▶ GIVEN DATA:
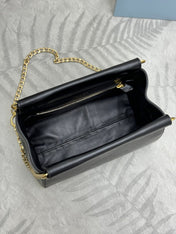 PRADA 25S ENCHAINE MINI BAG 22 IN BLACK CALFSKIN GOLD HARDWRE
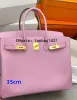 borsa tote di lusso da 35 cm borse da donna 10a borsa di design di qualità a specchio borse togo vitellopelle 24k hardware rosa chiaro etoupBorse da donna personalizzate con scatola arancione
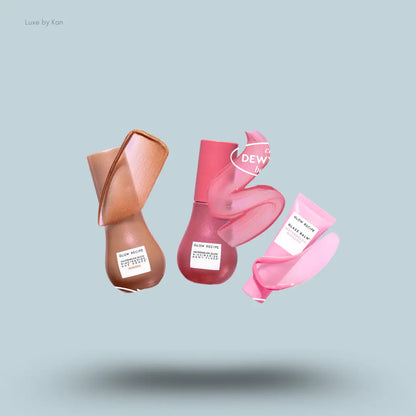 Glow Recipe Best of Glow Hues – Sun Glow, Berry Flush and Watermelon Bingsoo swatches with products on blue background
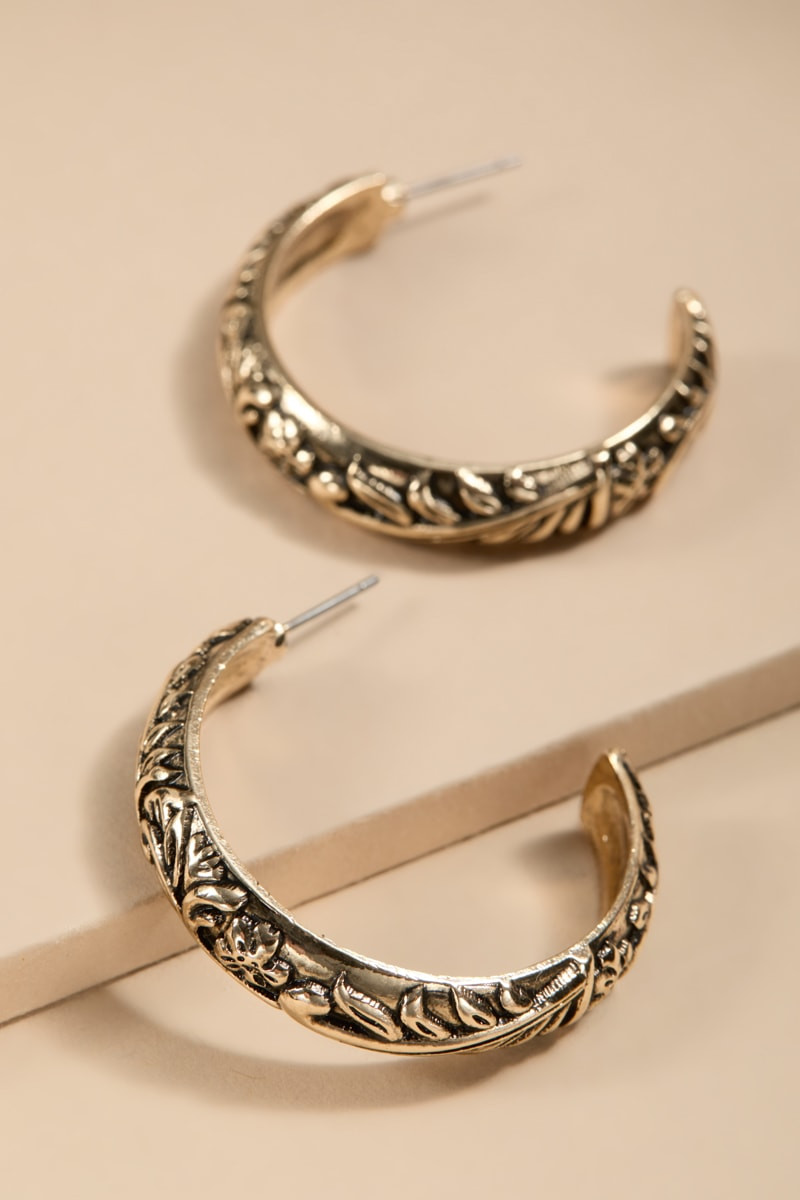 Amber Embossed Gold Hoop Earrings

▶ EXERCISE: Only the lines from the one containing "borsa tote di" through the final line of the data should be given again, exactly and without pictures.

▶ RESULT BELOW:
 borsa tote di lusso da 35 cm borse da donna 10a borsa di design di qualità a specchio borse togo vitellopelle 24k hardware rosa chiaro etoupBorse da donna personalizzate con scatola arancione
 Glow Recipe Best of Glow Hues – Sun Glow, Berry Flush and Watermelon Bingsoo swatches with products on blue background
 Amber Embossed Gold Hoop Earrings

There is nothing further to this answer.